From the first line to the last, restate the data exactly, leaving out the images.
━━━━━ DATA EXTRACT ━━━━━
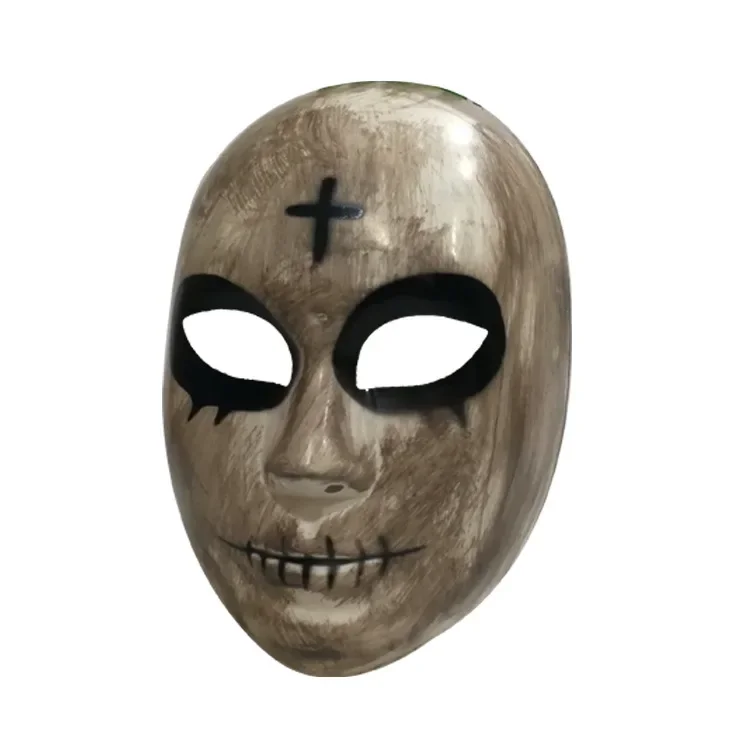 Graffiti töten mich Maske Smiley-Maske menschliche Entfernung Plan Maske alte Männer und Frauen küssen mich Maske Halloween-Maske Voll gesicht Cosplay-Maske – Detail 3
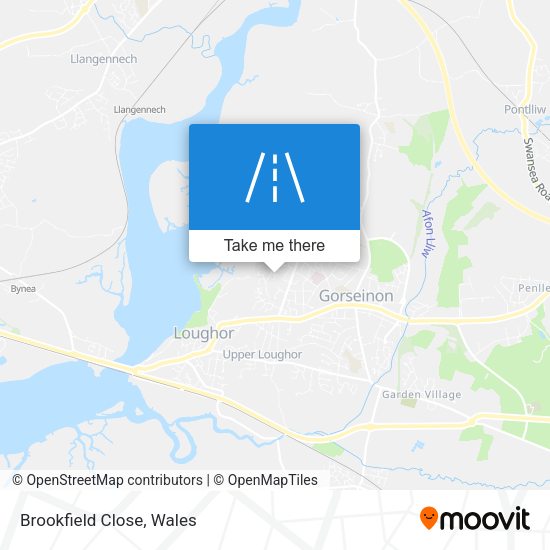 Brookfield Close map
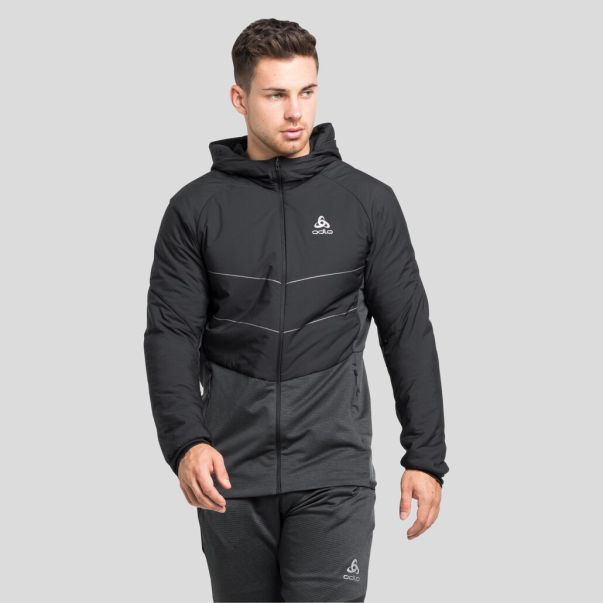 Men Odlo The Run Easy S-Thermic Running Jacket Jackets & Vests Black Exclusive Offer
━━━━━
ANSWER BELOW:
 Graffiti töten mich Maske Smiley-Maske menschliche Entfernung Plan Maske alte Männer und Frauen küssen mich Maske Halloween-Maske Voll gesicht Cosplay-Maske – Detail 3
 Brookfield Close map
 Men Odlo The Run Easy S-Thermic Running Jacket Jackets & Vests Black Exclusive Offer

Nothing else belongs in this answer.